Salade de la mer, pour bien commencer la journée, les tourtereaux, s'exclama le cuistot en déposant les deux assiettes devant ses « clients ».

Il était prêt à parier beaucoup, qu'une fois encore les téléphones de ses soi-disant clients allaient sonner et que ces derniers allaient devoir partir sans demander leur reste. Mais en prenant grand soin de lui laisser mettre leur note sur leur ardoise, sans jamais en reparler par la suite. Mais Kamekona ne disait rien, tant qu'ils allaient le payer pour le petit banquet de mariage qu'il leur avait concocté avec intention, il pouvait le supporter.

Sauf que ce matin il avait quelque chose d'étrange. Déjà ils étaient arrivés très tôt et ils n'étaient même pas habillés. Pour aller bosser, ils n'étaient pas nus, cela va s'en dire. Quoi que ça n'aurait pas été plus étrange pour le cuistot. Parce qu'un Danny Williams sans cravates c'était totalement dérangeant. Le lieutenant était simplement vêtu d'un short, d'un t-shirt blanc et d'un sweat-à-capuche, dont, Kamekona en était certain, que le ciel lui soit témoin, la moitié appartenait en réalité au commandant.

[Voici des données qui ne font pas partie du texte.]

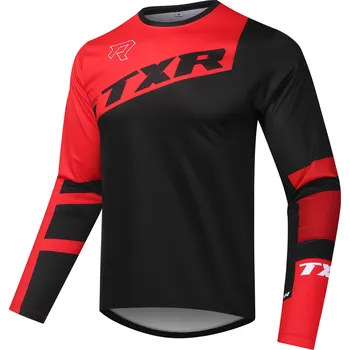 Moto dres TXR Motokrosový dres Vortex čierno-červený XXL (Anatomický strih;predĺžená zadná časť,odolný materiál)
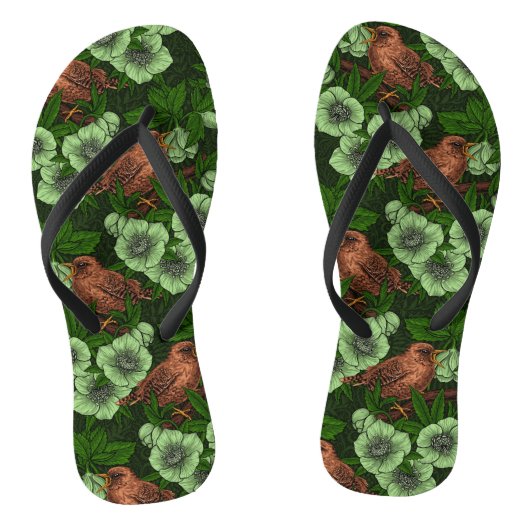 Wren en hellebore op donkergroen teenslippers (Voetbed)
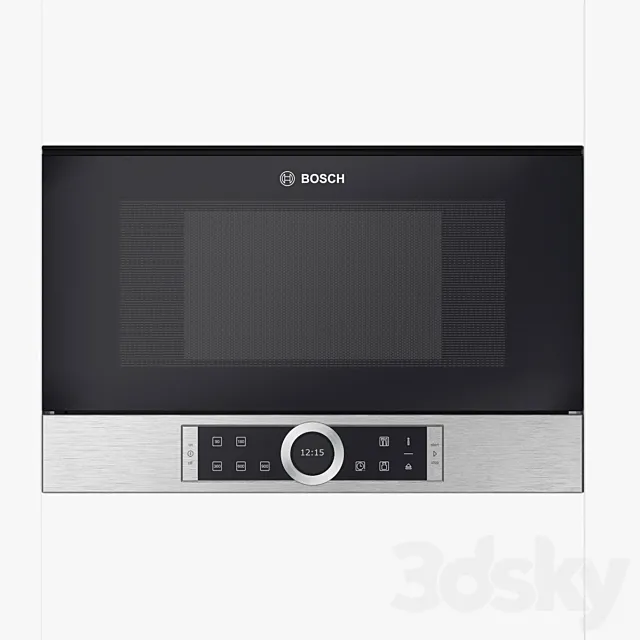 Built-in microwave BFL634GS1B brushed steel Serie 8 3D Model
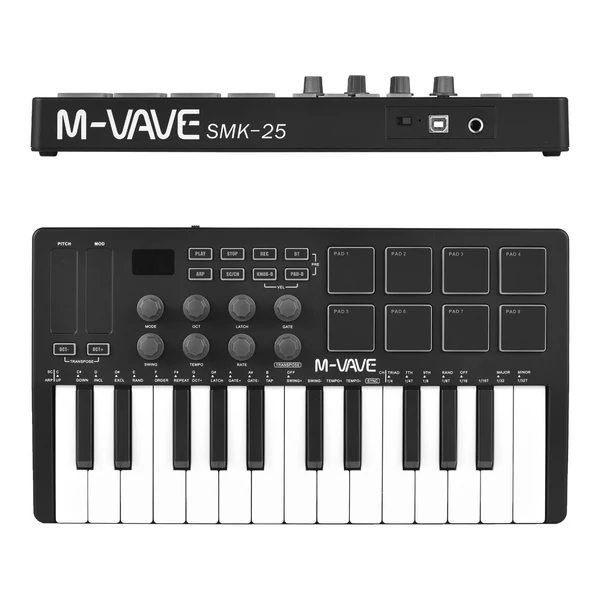 M-VAVE 25 gombos mini hordozható USB billentyűzet MIDI vezérlő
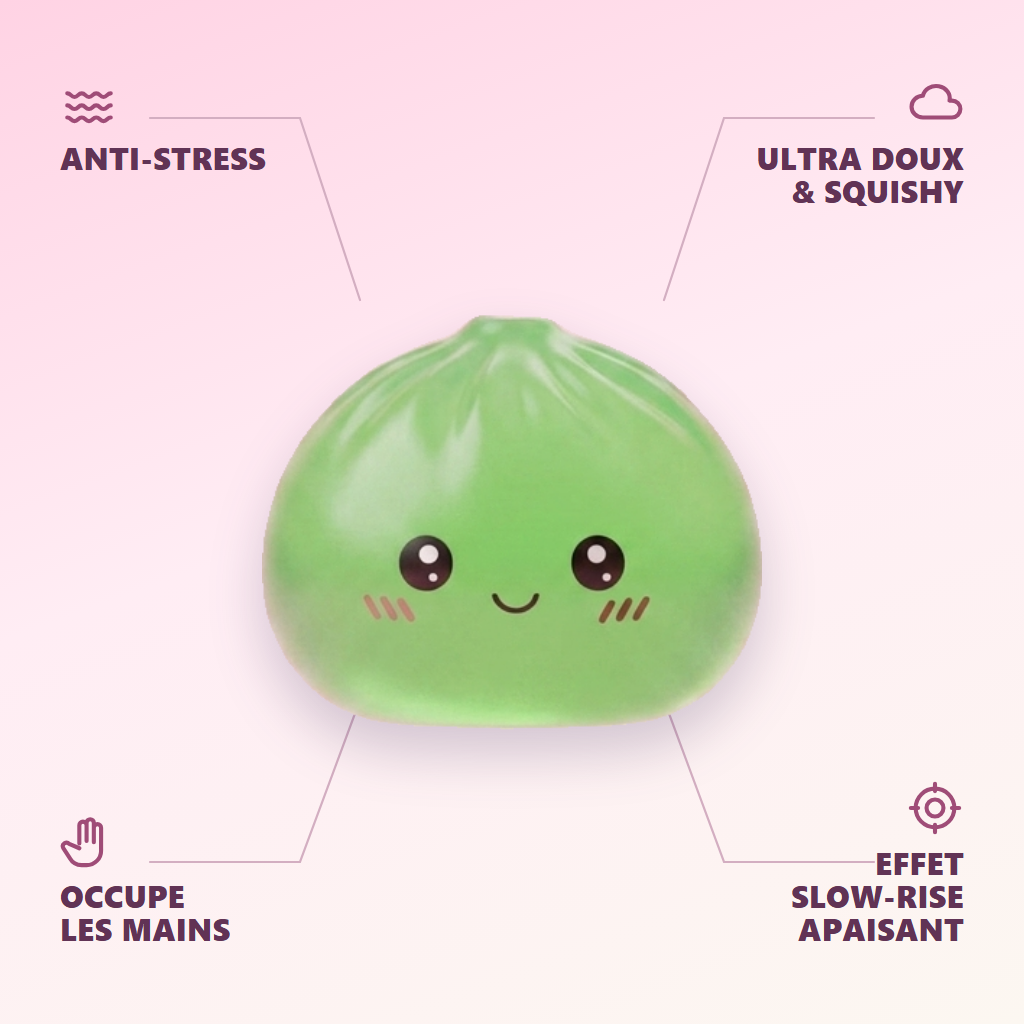 Mini Dumpling Squishy Sucré — anti-stress, ultra doux, effet slow-rise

En parlant de l'ex-militaire, lui aussi était vêtue de la sorte. Sauf que c'était moins flagrant et dérangeant chez lui. Non, ce qui était étrange chez l'ancien SEAL, c'est qu'il ne disait rien, ils ne disaient rien. D'habitudes ils se seraient disputés, sur le mariage par exemple. Ou alors le blond aurait dit au brun qu'il n'était pas humain, parce que ce n'était pas normal de vouloir manger des crevettes pour le petit déjeuner.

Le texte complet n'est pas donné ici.